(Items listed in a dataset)
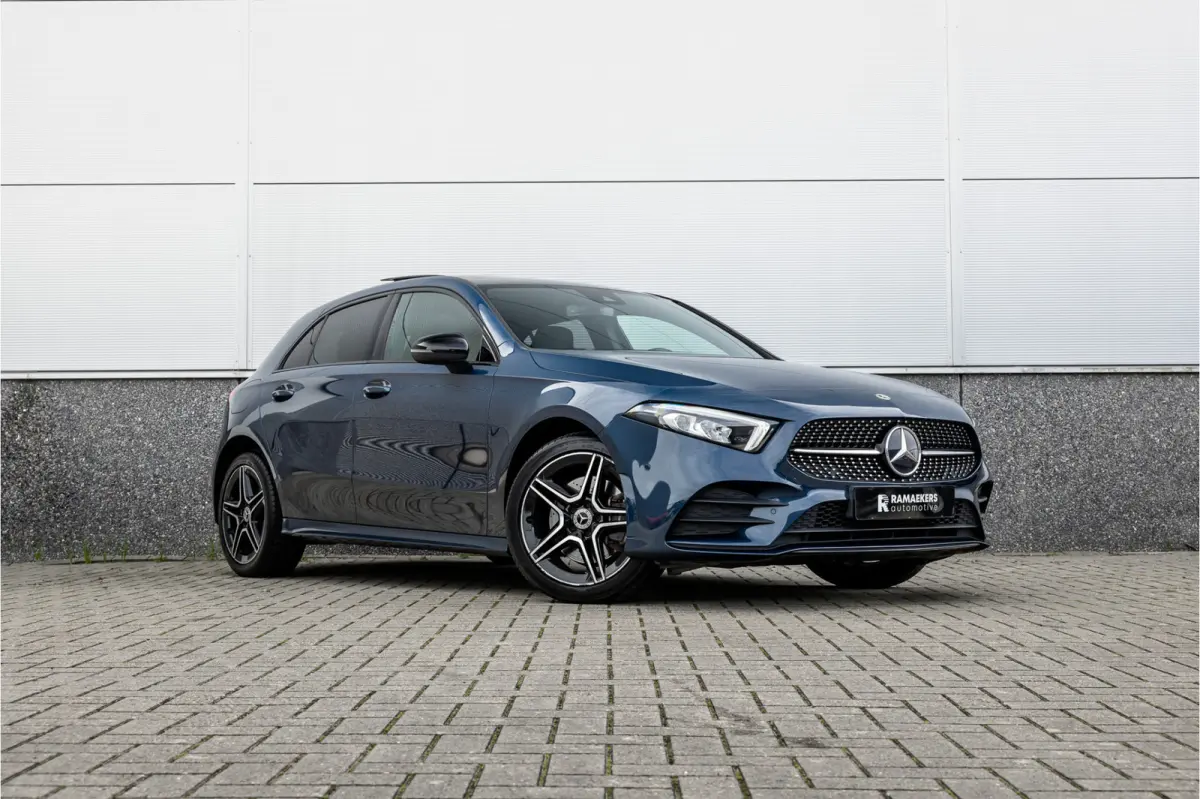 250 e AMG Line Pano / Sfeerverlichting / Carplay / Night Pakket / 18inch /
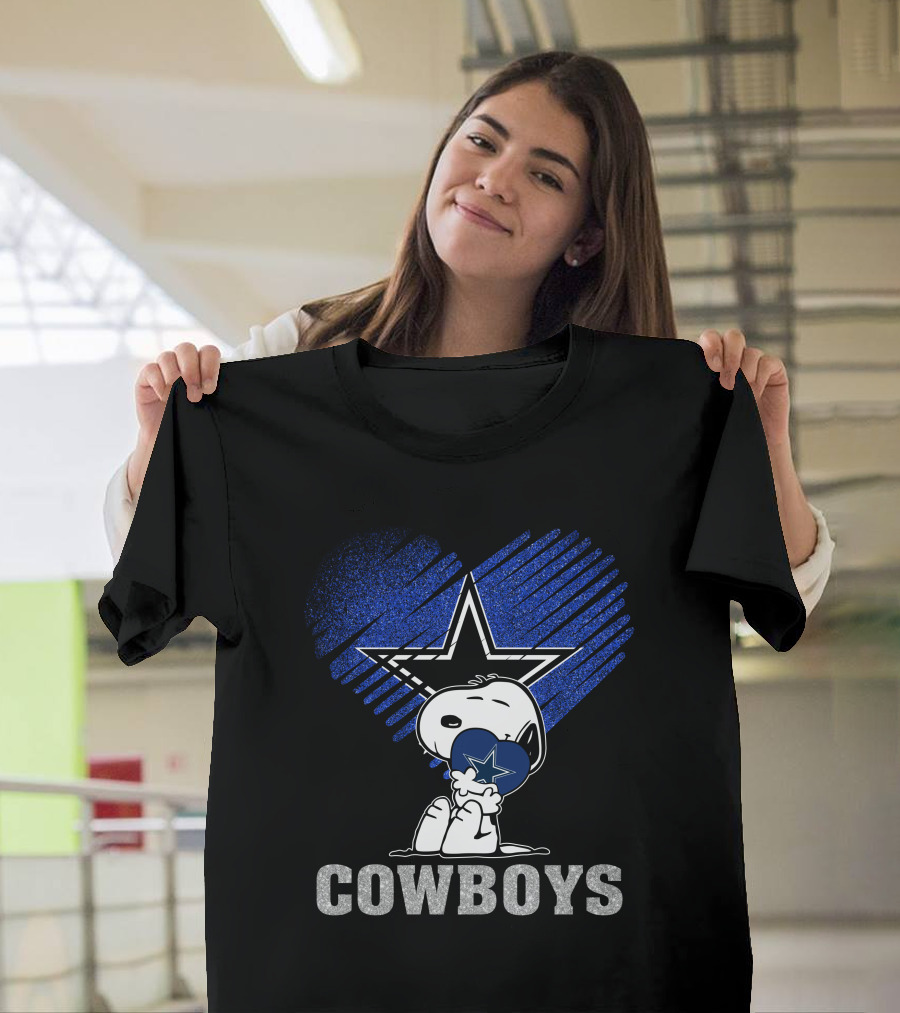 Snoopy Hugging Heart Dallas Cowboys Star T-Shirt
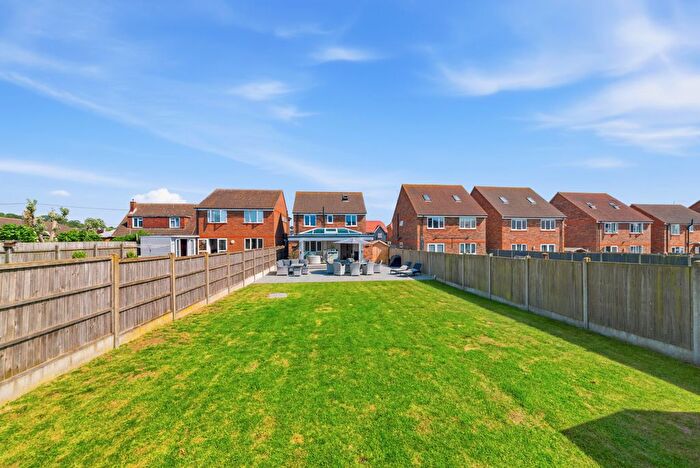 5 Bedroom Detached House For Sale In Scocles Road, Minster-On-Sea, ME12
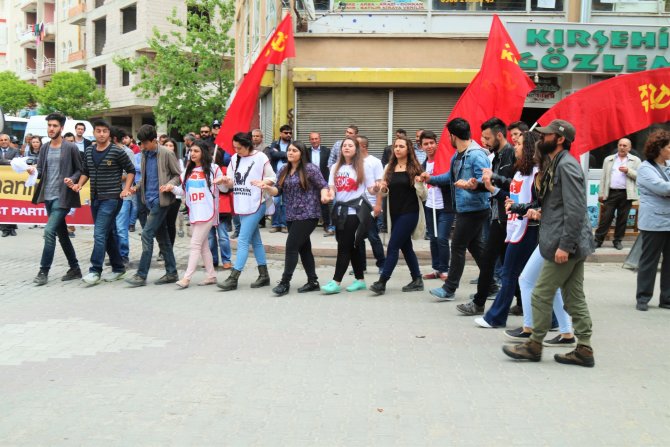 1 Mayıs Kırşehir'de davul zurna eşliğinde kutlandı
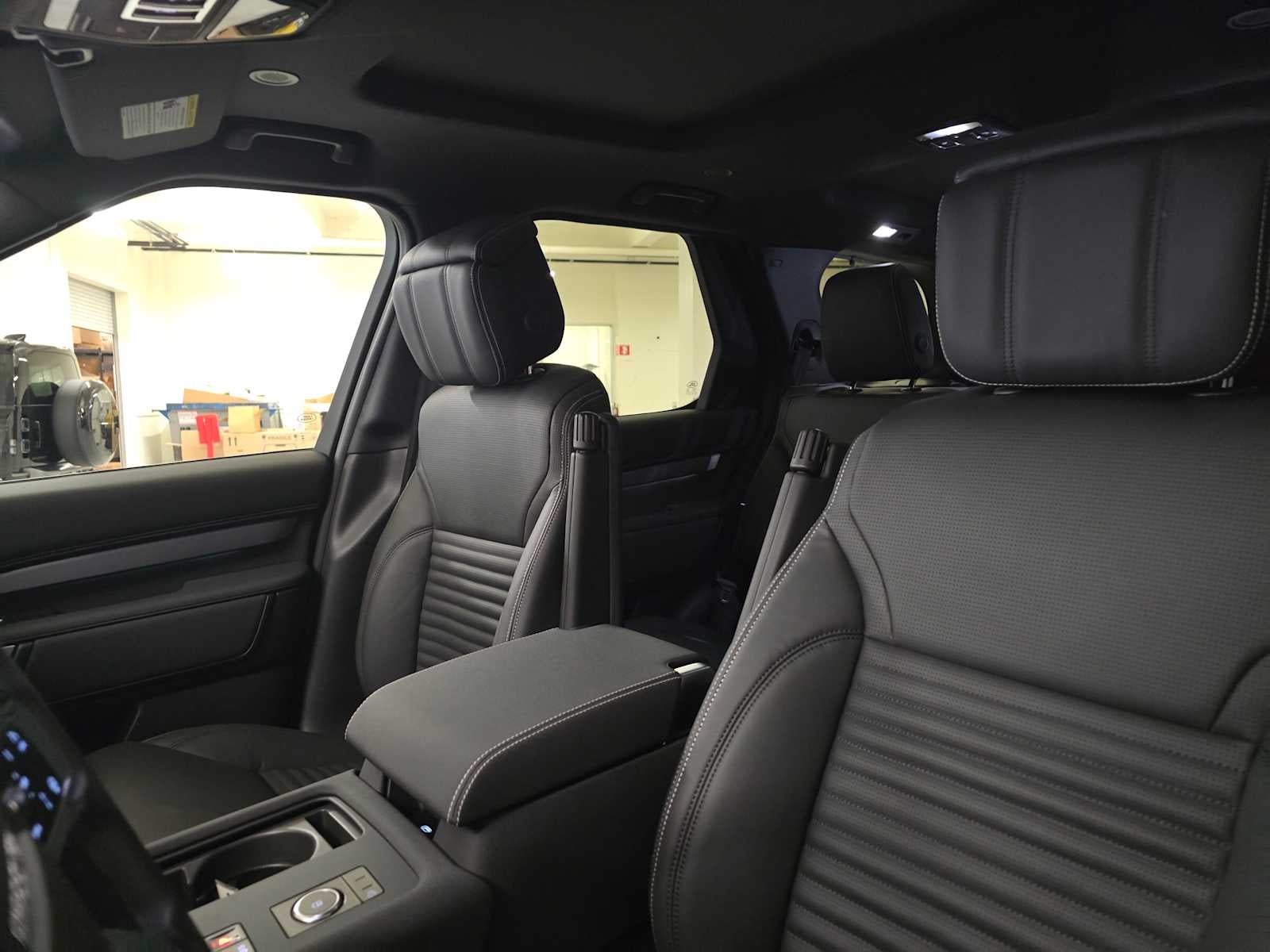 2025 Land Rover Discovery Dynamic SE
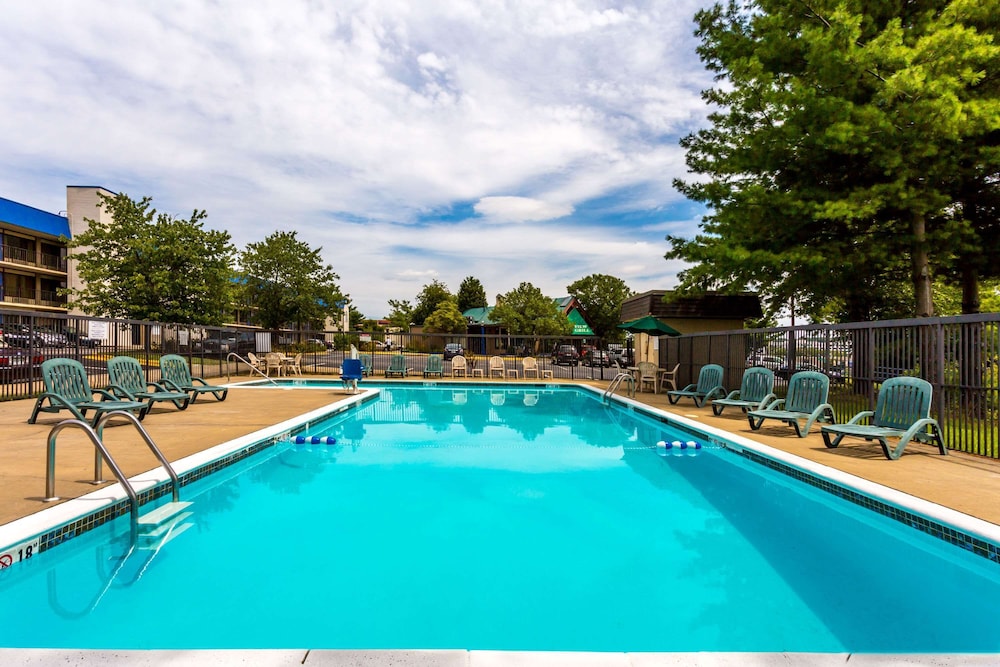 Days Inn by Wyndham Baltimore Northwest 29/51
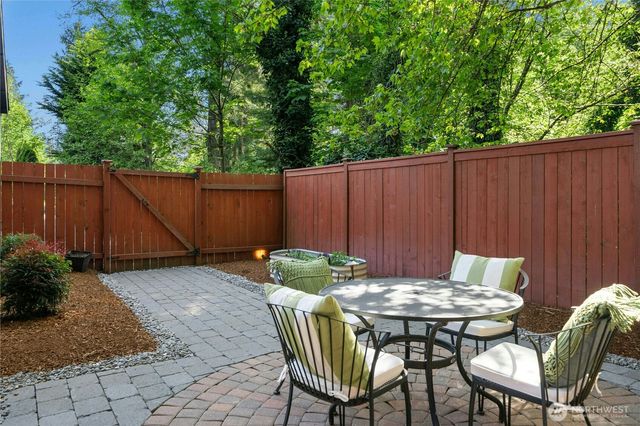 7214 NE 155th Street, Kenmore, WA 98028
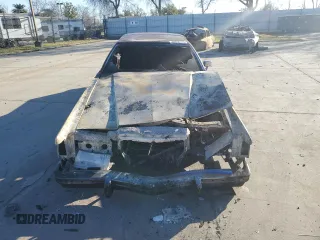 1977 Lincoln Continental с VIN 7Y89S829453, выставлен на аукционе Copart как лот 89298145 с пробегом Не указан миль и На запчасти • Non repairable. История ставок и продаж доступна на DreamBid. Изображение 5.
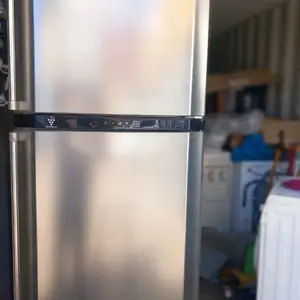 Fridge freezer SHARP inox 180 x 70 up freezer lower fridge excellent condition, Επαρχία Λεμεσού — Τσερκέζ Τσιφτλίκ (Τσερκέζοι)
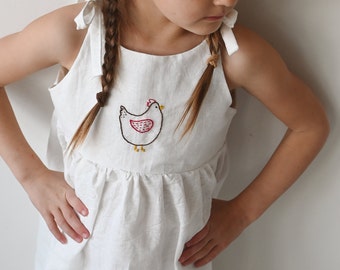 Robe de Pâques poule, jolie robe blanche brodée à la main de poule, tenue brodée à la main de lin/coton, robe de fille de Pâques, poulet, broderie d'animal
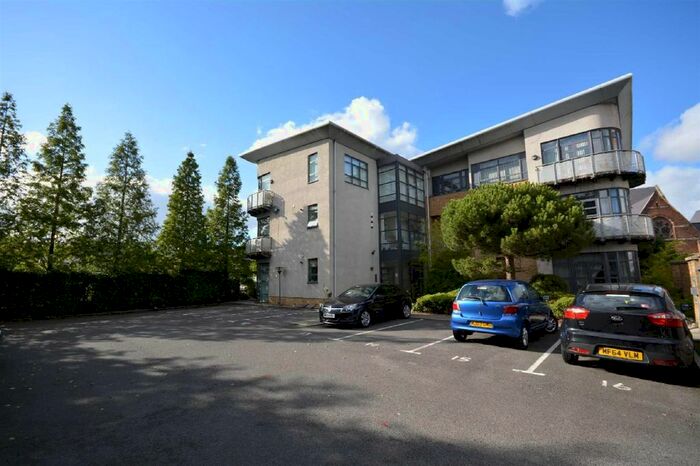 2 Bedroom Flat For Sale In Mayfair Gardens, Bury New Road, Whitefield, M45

#### [TASK DETAILS]
Leave out the pictures, and retype exactly the lines from the one containing "Robe de Pâques" through the final line of the data.

#### [SOLUTION TO THE PROBLEM]
 Robe de Pâques poule, jolie robe blanche brodée à la main de poule, tenue brodée à la main de lin/coton, robe de fille de Pâques, poulet, broderie d'animal
 2 Bedroom Flat For Sale In Mayfair Gardens, Bury New Road, Whitefield, M45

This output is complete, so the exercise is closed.